Berperan sebagai Hasan, pelatih PS Karangsari sekaligus makelar taruhan tarkam, berkaki pincang tapi selalu lincah bergerak, bersuara serak meledak-ledak, Agus Kuncoro adalah energi terbesar film ini. Muncul hampir di mana-mana, “tekel-tekel” Agus Kuncoro yang efektif dan tepat sasaran, kerap kali menyelamatkan pemain lain (dan juga keseluruhan film) dari blunder: Yosie Kristanto (yang bermain sebagai Wahyu, sang tokoh utama) yang bermain datar tanpa greget (meski ia memiliki teknik sepakbola yang jauh lebih baik dari Kuno Becker, pemeran Santiago Munez dalam Goal!); para figuran Irfan-Kim-Mathias-Timo yang hampir-hampir seperti zombie; dan scene-scene sepakbola yang mudah ditebak.

Tejo, yang menjadi Darto, ayah Wahyu yang muram, pedagang minuman hangat yang dingin, juga pria yang membenci sepakbola, tidak muncul sebanyak Agus Kuncoro.
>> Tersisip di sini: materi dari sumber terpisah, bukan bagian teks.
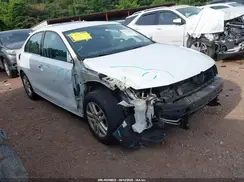 3VW167AJ6HM324496 2017 VOLKSWAGEN JETTA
Tapi, ia—meminjam lagi istilah sepakbola—adalah tipe fantastista Italia, yang mungkin tak banyak memegang bola, tapi sesekali bisa sangat mengejutkan dengan umpan-umpan terobosan atau bola cungkilan. (Tidak selalu berujung gol, tapi pasti akan membuat penonton di pinggir lapangan bersorak kegirangan.) Tak heran, adegan-adegan terbaik di film ini selalu melibatkan Darto. Misalnya, saat Darto berdiri termangu, membelakangi jendela yang di baliknya tampak anak dan istrinya sedang menunaikan salat. Anda tahu, itu bukan hanya wajah manusia yang kecewa dengan dirinya sendiri dan dunia yang ditinggalinya, tapi juga wajah manusia yang kecewa dengan Sang Pencipta. Sementara kemarahan Darto perihal sepakbola, baik itu ditujukan kepada Hasan atau kepada Wahyu, dengan sangat cemerlang berhasil ditransformasikan oleh Tejo menjadi kemarahan kita semua terhadap sepakbola Indonesia—jancuk, asu, dan taek yang memberondong dari mulut Darto adalah jancuk, asu, dan taek kita semua.
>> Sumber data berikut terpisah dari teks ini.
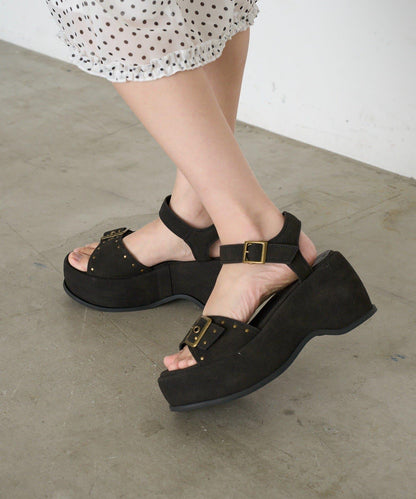 171724237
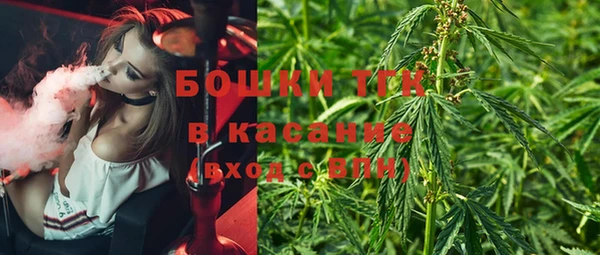 альфа пвп Медвежьегорск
Jika Agus Kuncoro bekerja sangat keras menjaga keseimbangan, Sujiwo Tejo memberi ciri khas pada permainan tim (baca, film). Menjadi seorang penjaja minuman hangat di lereng Bromo, Tejo yang orang Jember tak butuh menjadi orang lain untuk menjadi Darto yang Probolinggo. Ia, menurut saya, bahkan tak butuh berakting. Cukup dengan mengeluarkan gestur aslinya dan kosakata bahasa ibunya, Tejo telah secara sempurna menjadi Darto. Dan dengan menjadi dirinya sendiri, Tejo melakukan kerja yang jauh lebih baik di film ini dibanding, misalnya, dengan saat ia bermain terlalu teatrikal dalam Telegram atau terlalu berlebihan dalam Kafir. Tanpa melupakan peran minimal yang berarti besar dari Toro Margen (yang berperan sebagai......, juragan PS Karangsari), juga bahasa lokal yang dipakai hampir di separo film, karakter Darto (yang berlepotan jancuk, asu, dan taek itu) berandil besar menjadikan Tendangan dari Langit lebih berpijak ke bumi—apabila dibandingkan dengan, misalnya, King atau Garuda di Dadaku.
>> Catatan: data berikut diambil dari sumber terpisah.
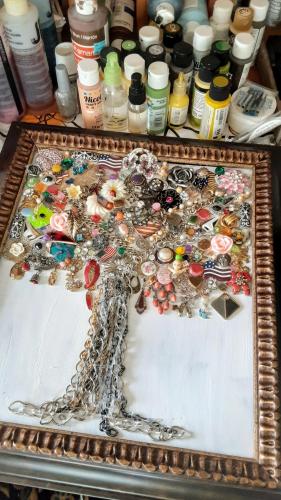 11:22:23 GMT-0700 (PDT)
Dalam kacamata penonton sepakbola, melihat Agus Kuncoro dan Sujiwo Tejo dalam film ini seperti melihat Gattuso dan Pirlo dalam Milan-nya Anceloti. Atau—biar tampak nasionalis—seperti Bima Sakti dan Fachri Husaini dalam timnas Indonesia-nya Henk Wullems.

***

Meski tak semengkilap Anceloti dan tak sememikat Henk Wullems, Hanung, dan tentunya si pemilih peran, Zaskiya Aditya Mecca, harus mendapatkan pujian atas permainan Agus dan Tejo. Tapi, mereka harus dipuji karena juga memberi ruang yang cukup untuk seorang legenda seperti Toro Margen dan pemain-pemain muda yang tampak semakin bisa diharapkan, Joshua Suherman dan Jordi Onsu. Itu sedikit menebus “kekeliruan kecil” mereka saat memakai Maudy Ayunda menjadi Indah dan Yosie Kristanto sebagai Wahyu.

Maudy, yang tampil menyentuh dalam Lagu untuk Reina-nya Riri Reza, saya yakini akan jadi aktris yang baik di masa depan. Tapi, ia tampak terlalu Jakarta untuk jadi seorang gadis lereng Bromo, meskipun diembel-embeli putri kepala sekolah. Lagi pula, menaruh wajah gadis kecil yang mengkilap dalam cerita berseting pedalaman tampaknya sudah mulai jadi basi—dua film Arie Sihasale sudah pernah melakukannya.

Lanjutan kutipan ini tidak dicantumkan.